[[ Source data, beginning ]]

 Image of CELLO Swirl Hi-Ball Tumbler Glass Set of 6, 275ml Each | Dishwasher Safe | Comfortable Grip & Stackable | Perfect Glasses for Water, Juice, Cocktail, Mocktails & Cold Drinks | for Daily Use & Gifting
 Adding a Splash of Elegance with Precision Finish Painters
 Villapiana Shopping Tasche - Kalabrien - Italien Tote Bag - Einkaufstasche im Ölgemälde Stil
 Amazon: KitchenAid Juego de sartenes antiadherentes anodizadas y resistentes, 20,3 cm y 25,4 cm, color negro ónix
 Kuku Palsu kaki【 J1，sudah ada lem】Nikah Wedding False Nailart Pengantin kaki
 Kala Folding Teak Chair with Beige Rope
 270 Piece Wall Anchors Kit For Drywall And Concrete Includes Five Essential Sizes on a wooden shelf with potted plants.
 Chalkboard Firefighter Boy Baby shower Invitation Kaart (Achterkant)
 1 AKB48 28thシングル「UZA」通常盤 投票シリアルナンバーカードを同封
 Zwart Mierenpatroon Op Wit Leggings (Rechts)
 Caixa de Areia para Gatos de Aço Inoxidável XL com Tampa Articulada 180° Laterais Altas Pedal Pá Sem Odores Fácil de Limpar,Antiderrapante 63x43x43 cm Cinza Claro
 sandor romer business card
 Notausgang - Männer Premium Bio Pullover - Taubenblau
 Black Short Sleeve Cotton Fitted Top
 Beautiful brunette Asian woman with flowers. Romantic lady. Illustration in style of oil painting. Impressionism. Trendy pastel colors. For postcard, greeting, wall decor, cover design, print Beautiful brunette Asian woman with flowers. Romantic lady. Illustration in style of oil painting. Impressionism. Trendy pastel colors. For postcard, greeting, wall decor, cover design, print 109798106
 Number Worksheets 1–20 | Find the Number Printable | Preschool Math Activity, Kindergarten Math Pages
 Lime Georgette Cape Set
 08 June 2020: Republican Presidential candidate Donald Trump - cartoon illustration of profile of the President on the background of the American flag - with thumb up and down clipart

[[ Source data, end ]]

**The task**
Each line from the one containing "sandor romer business card" down to the final line of the listing must appear in the answer exactly as written, and no other line may.

**Output for this exercise**
 sandor romer business card
 Notausgang - Männer Premium Bio Pullover - Taubenblau
 Black Short Sleeve Cotton Fitted Top
 Beautiful brunette Asian woman with flowers. Romantic lady. Illustration in style of oil painting. Impressionism. Trendy pastel colors. For postcard, greeting, wall decor, cover design, print Beautiful brunette Asian woman with flowers. Romantic lady. Illustration in style of oil painting. Impressionism. Trendy pastel colors. For postcard, greeting, wall decor, cover design, print 109798106
 Number Worksheets 1–20 | Find the Number Printable | Preschool Math Activity, Kindergarten Math Pages
 Lime Georgette Cape Set
 08 June 2020: Republican Presidential candidate Donald Trump - cartoon illustration of profile of the President on the background of the American flag - with thumb up and down clipart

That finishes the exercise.